Oracle Performance Dashboard (OPD) is a small ASP.NET website that shows you performance & problems of one or more Oracle instances in near real-time. It uses the Dynamic Performance Views (DPV) and runs some popular DBA scripts in order to get meaningful, easy to understand information out of the server.
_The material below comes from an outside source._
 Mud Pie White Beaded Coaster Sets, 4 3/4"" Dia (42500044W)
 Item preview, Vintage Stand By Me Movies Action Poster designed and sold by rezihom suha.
You can use it to quickly spot blocking queries, who is blocking who, expensive query that are consuming high CPU or disk, see if there's unusual locks, very high disk activity and so on.

Demo

You can see a live demo of this from here:
http://odp.omaralzabir.com

Get the code

The binaries are here, which you can just extract into an IIS folder, put the connection strings in the web.config file, and you are ready to roll. No need to install any Oracle client software on the server.
GitHub Project Binaries
You can get the source code from the GitHub project site:
https://github.com/oazabir/OraclePerformanceDashboard

Why not use OEM

OEM is pretty good, no doubt. But what I need is something that runs complex DBA scripts, processes the output and tells me what is wrong exactly. On standard monitoring tools like OEM, you get to see the key performance indicators and sometimes some generic alerts, but a much more powerful way to investigate problems in the server is to run those DBA scripts that you find in Oracle Performance Tuning books and blogs, that really get into the heart of the problem and shows you where things are going wrong. There are many powerful scripts available on the books, forums, blogs that are quite handy to detect issues on the server, gather relevant useful information about your database health. This tool tries to give those powerful scripts a nice front-end and easy to discover clues for those, who aren't professional Oracle DBAs like me.

Feature walkthrough

OPD comes with the following features in V1:
  • Summary of all your instances in one screen, showing important indicators on each instance. Quick way to check if all your databases are doing fine or not.
  • Instance Dashboard showing details of an instance:
    • CPU usage on the OS.
    • CPU consumed by each session
    • Important System Statistics like Buffer Gets, Parse to execute ratio which would indicate some common problems on the server.
    • Sessions and what the sessions are doing, how much resource they are consuming, whether they are hogging the disk or not.
    • Waits, Blocks, Locks, deadlocks that make database suffer.
    • Historical analysis on the databse showing you some very useful stuff:
      • Most expensive queries in terms of CPU and Buffer Get, which are immediate convern for your devs to sort out.
      • IO usage on data files. You can see if some data file is unusually loaded and getting hammered by physical IO.
      • Tablespace usage. Alerts you if some tablespace is over 85% full.
      • Stale stats on tables. You should always keep this clean.
      • Killer Indexes that will actually blow up your system and confuse Oracle query optimizer. You need to get rid of those indexes and rewrite queries that you thought will hit those indexes for better performance. They won't. They will kill your database.

Summary Screen

When you launch OPD, you see a quick summary of all your instances and indicators showing you whether there's something off in any of the instances. You can then click on the instance name and zoom into more details on each instance.
The summary is generated by running this long query which collects some important indicators from the server, does some calculation to decide whether something is off the chart or not.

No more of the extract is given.